The PACELC extension recognises that even without a partition, there is a latency/consistency trade-off:

PACELC: if Partition → (A vs C);
        Else         → (L vs C)

A system like DynamoDB: PA/EL — in partition favours availability; in normal operation favours low latency over consistency.


2. NoSQL Paradigms

2.1 The Four NoSQL Categories

Category Model Examples Best For
Document JSON/BSON documents MongoDB, CouchDB, Firestore Flexible schemas, content management, user profiles
Key-Value Opaque value behind a key Redis, DynamoDB, Riak Sessions, caching, shopping carts, real-time data
Column-Family Rows with sparse columns Cassandra, HBase, Bigtable Write-heavy time series, IoT, event logs
Graph Nodes and edges Neo4j, Amazon Neptune, TigerGraph Social networks, recommendations, fraud detection

2.2 When NOT to Use NoSQL

NoSQL Is Not a Silver Bullet

NoSQL databases sacrifice ACID guarantees (or implement them differently).

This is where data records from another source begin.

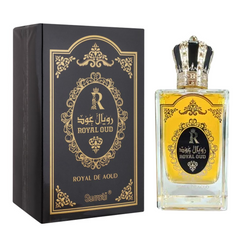 Spray Royal Oud 100 Ml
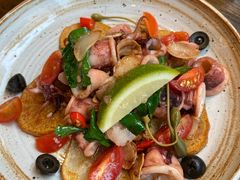 -Brut Eatery悦璞食堂(建国东路店)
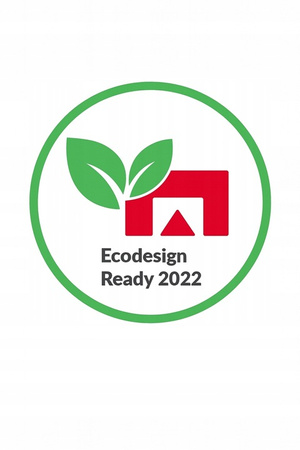 Liatinová pec na drevo WESTA 17 kW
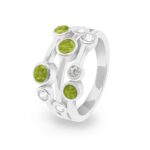 ew-r-346-sswg-green_-Ashes Ring-Ashes Jewellery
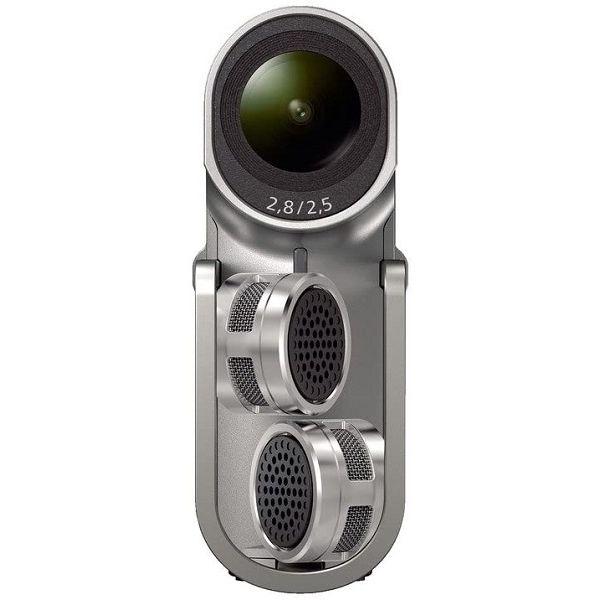 SONY（ソニー） 中古 1年保証 美品 SONY HDR-MV1 : Premier Camera
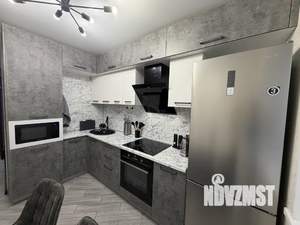 2-к квартира, посуточно, 54м2, 6/13 этаж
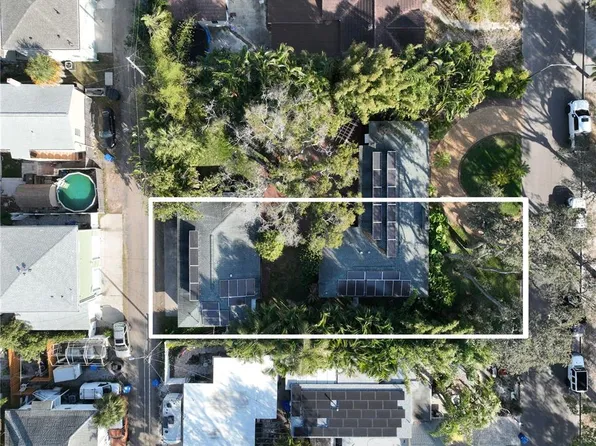 1447 27th Ave N Lot 10, Saint Petersburg, FL 33704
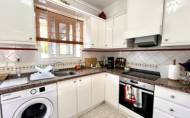 Reventa - Apartment -
Playa Flamenca - Costa Blanca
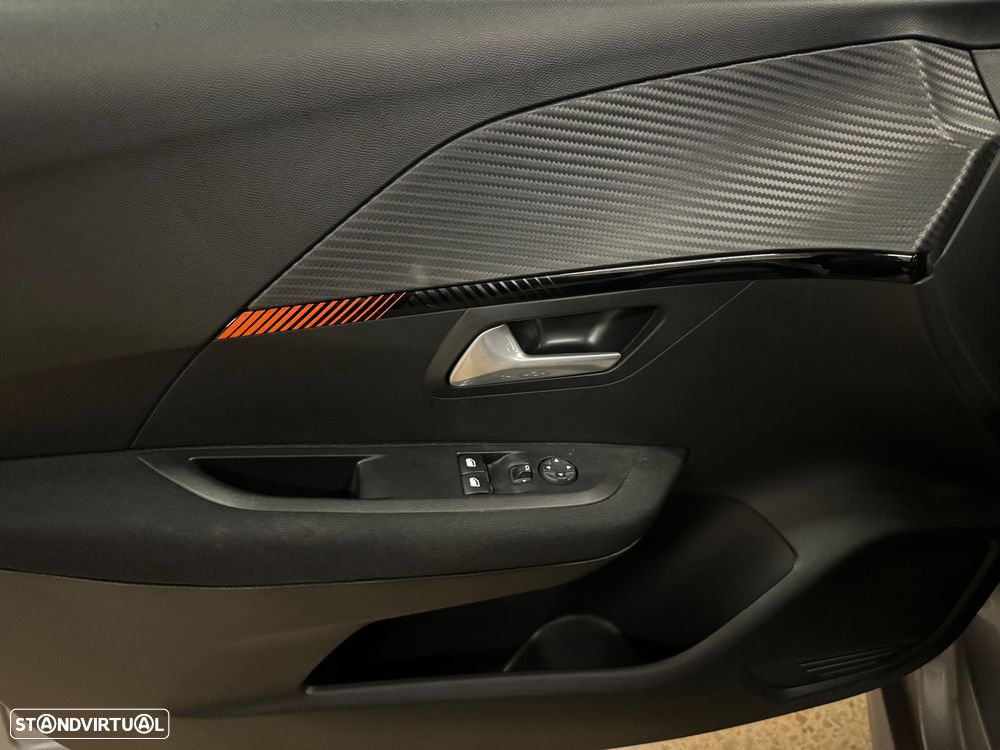 Peugeot 208 1.2 PureTech Allure - 14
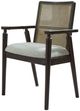 Signature Design by Ashley® Galliden 7-Piece Light Brown Dining Table Set-4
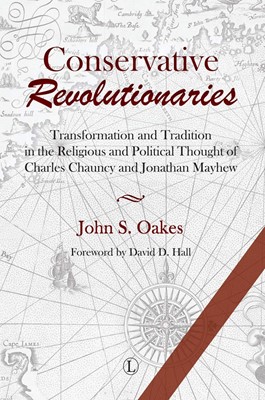 Conservative Revolutionaries (Paperback)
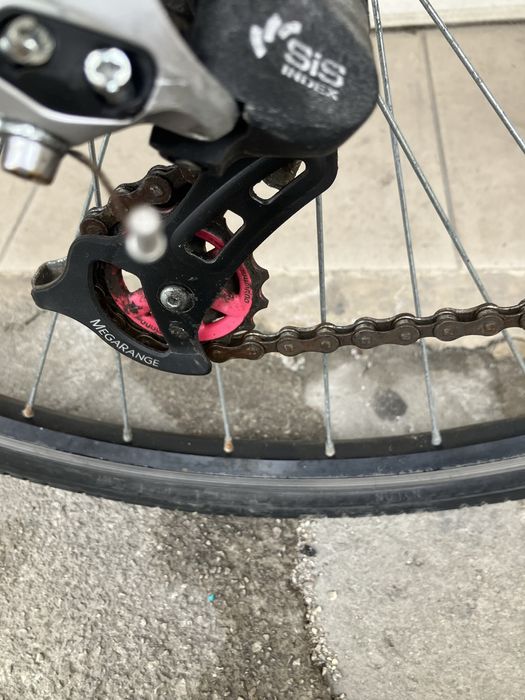 Велосипед за града 28ц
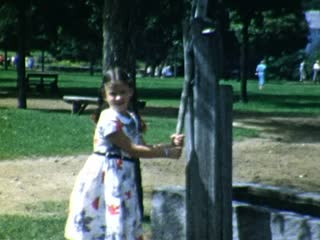 New Hampshire - Home Movie Clips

Do not use NoSQL when:

  • You need multi-table transactions (e.g., financial systems with consistent balances)
  • Your data is highly relational and you need complex joins
  • Your team's expertise is SQL and the project timeline is tight
  • Regulatory compliance requires auditable, consistent records (HIPAA, SOX, PCI-DSS)

3. MongoDB Deep Dive

3.1 Document Model vs Relational

In MongoDB, data is stored as BSON (Binary JSON) documents in collections (not tables). There is no enforced schema by default.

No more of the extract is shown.